While much of the nearly two hour DVD is targeted at drummers, with play-throughs of numerous songs, there’s also plenty for non-drummers to enjoy. Hoglan tells some stories from his illustrious career, and special guests such as his Testament bandmates Chuck Billy, Alex Skolnick and Eric Peterson, Anthrax’s Scott Ian and Frank Bello and Shadows Fall’s Jason Bittner weigh in with stories about Hoglan. It’s a DVD that’s both entertaining and educational.
Judas Priest – Turbo 30 (Sony)
1986’s Turbo was one of Judas Priest‘s most polarizing albums, embracing guitar synthesizers and a slick, commercial sound, reflecting the musical environment of the mid-’80s.
The latest edition has been remastered.
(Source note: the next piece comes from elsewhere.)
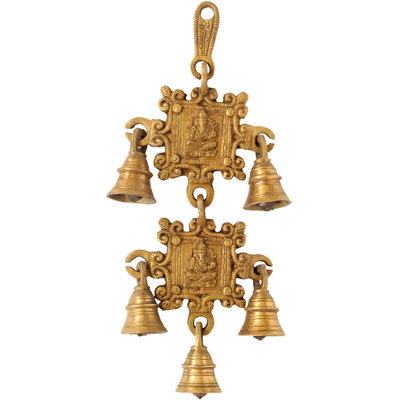 Handmade Brass Ganesha Wall Hanging Bells – 10 Inch Square Panel, Indian Religious Décor, Polished Brass for Doorway, Altar, Meditation Space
It includes the original album (but not the 2001 reissue’s bonus tracks) along with a two bonus discs of a 1986 Kansas City concert recorded on the Fuel For Life tour. Turbo has some classic songs such as “Turbo Lover” and “Locked In” and the concert showcases tracks from throughout their career including “Living After Midnight,” “Breaking The Law” and “Hell Bent For Leather.” If you have the original album this version isn’t essential, but the concert is a good one.
Seven Kingdoms – Decennium (Self)
To commemorate a decade as a band, The Florida power metal quintet Seven Kingdoms have titled their latest album Decennium. It includes two tracks from last year’s In The Walls EP along with eight new tracks.
It’s twin guitar driven power metal with soaring melodies and plenty of blazing solos. Most songs are in the five minute range, plenty of time to display varied arrangements and flawless musicianship, but not enough time to devolve into self-indulgence. Sabrina Valentine delivers a powerful performance, and an all-star production team including Jim Morris and Jacob Hansen give the songs a larger than life sound.